Exercise material:
....

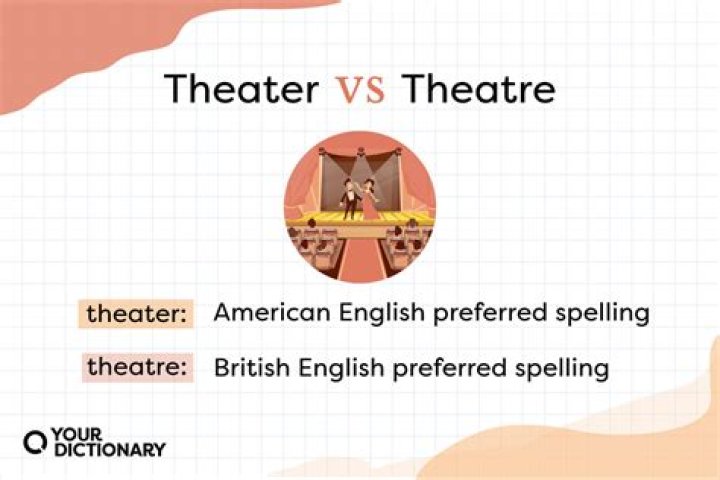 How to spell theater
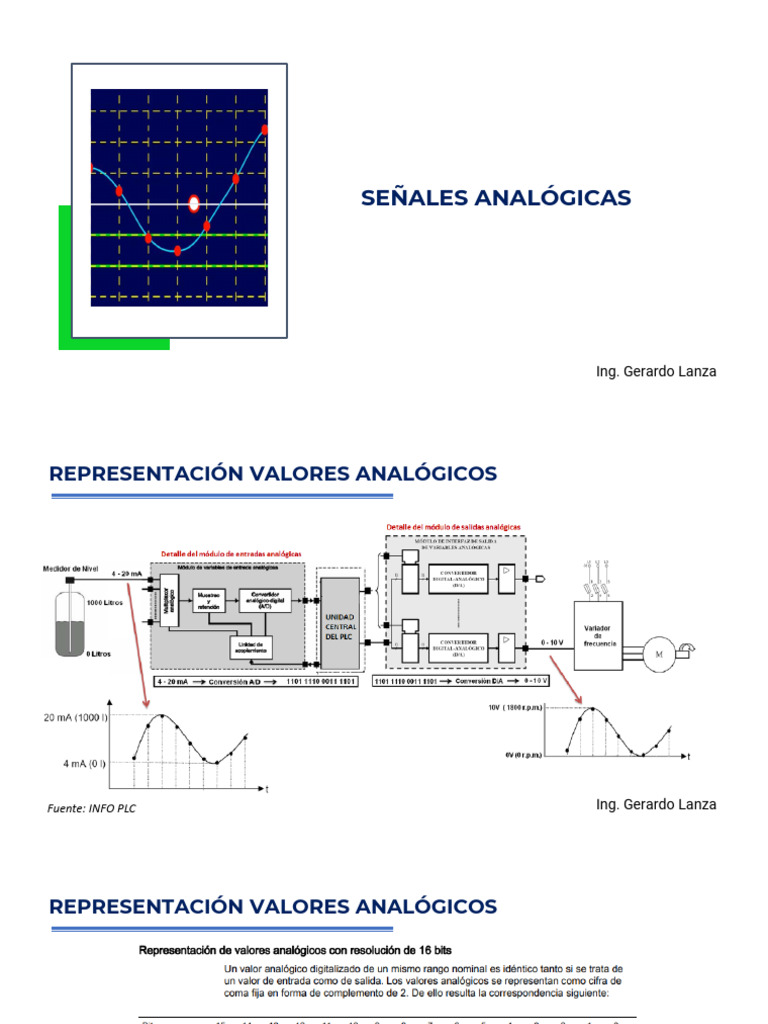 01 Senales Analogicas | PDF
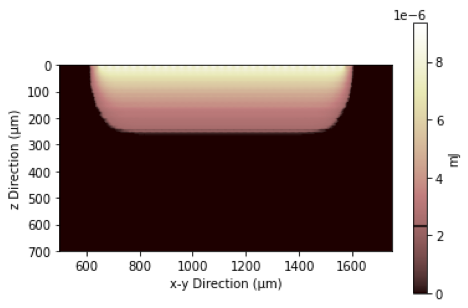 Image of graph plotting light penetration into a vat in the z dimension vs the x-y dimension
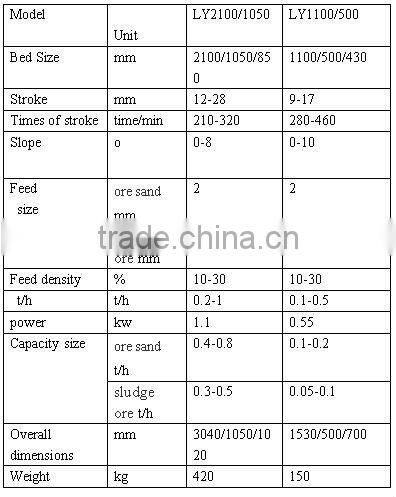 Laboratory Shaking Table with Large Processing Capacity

....

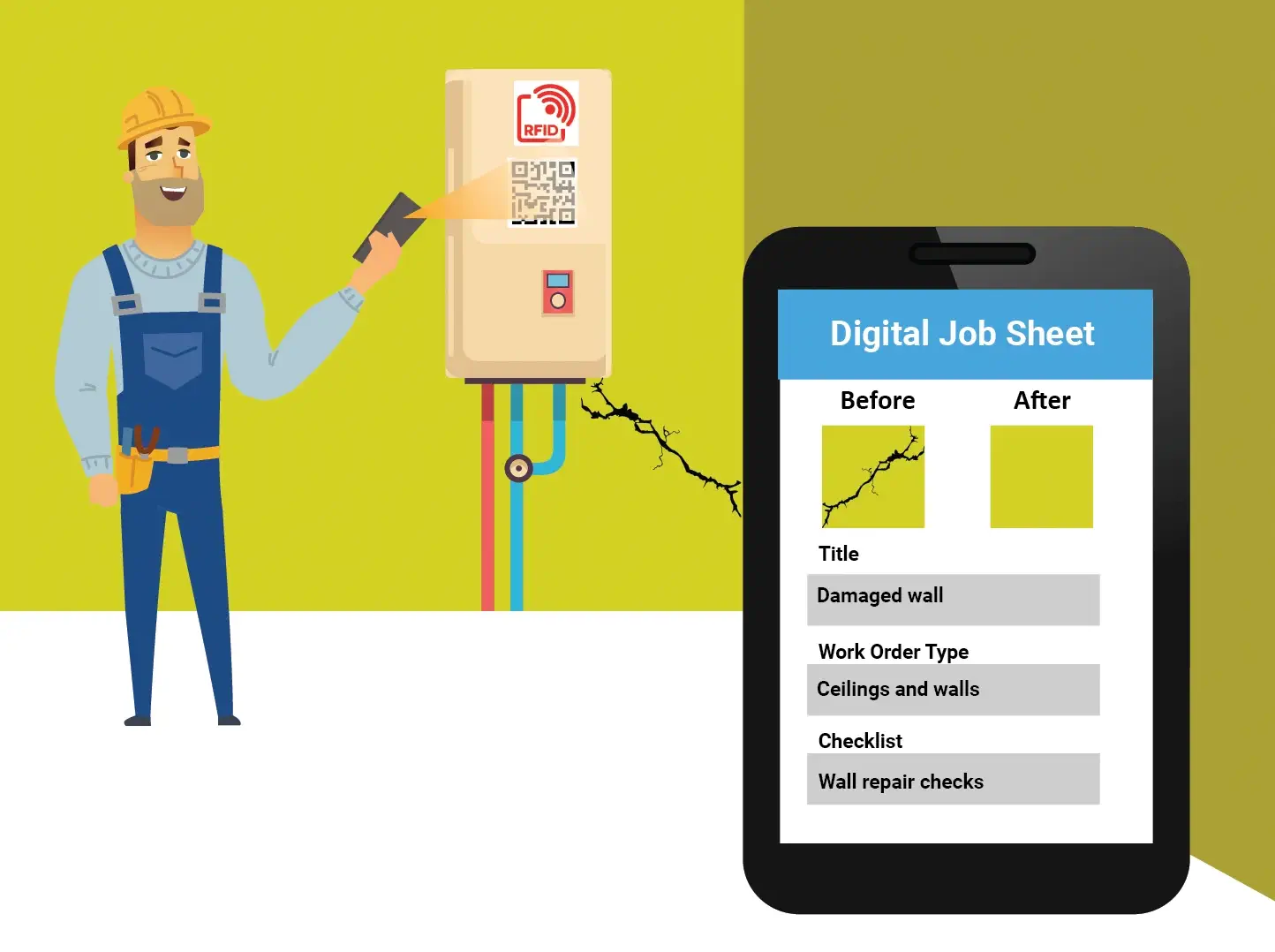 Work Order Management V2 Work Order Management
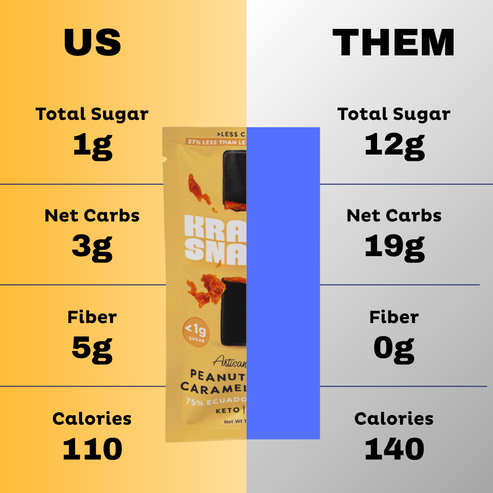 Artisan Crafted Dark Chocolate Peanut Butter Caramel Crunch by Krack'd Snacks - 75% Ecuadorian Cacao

....

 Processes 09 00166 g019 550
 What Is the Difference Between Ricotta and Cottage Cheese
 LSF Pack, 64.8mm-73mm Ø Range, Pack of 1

....

Task to carry out:
Everything from the line with "Work Order Management V2" down to the line with "Artisan Crafted Dark" in the data above should be copied exactly, with both end lines kept and the pictures left out.

Response below:
 Work Order Management V2 Work Order Management
 Artisan Crafted Dark Chocolate Peanut Butter Caramel Crunch by Krack'd Snacks - 75% Ecuadorian Cacao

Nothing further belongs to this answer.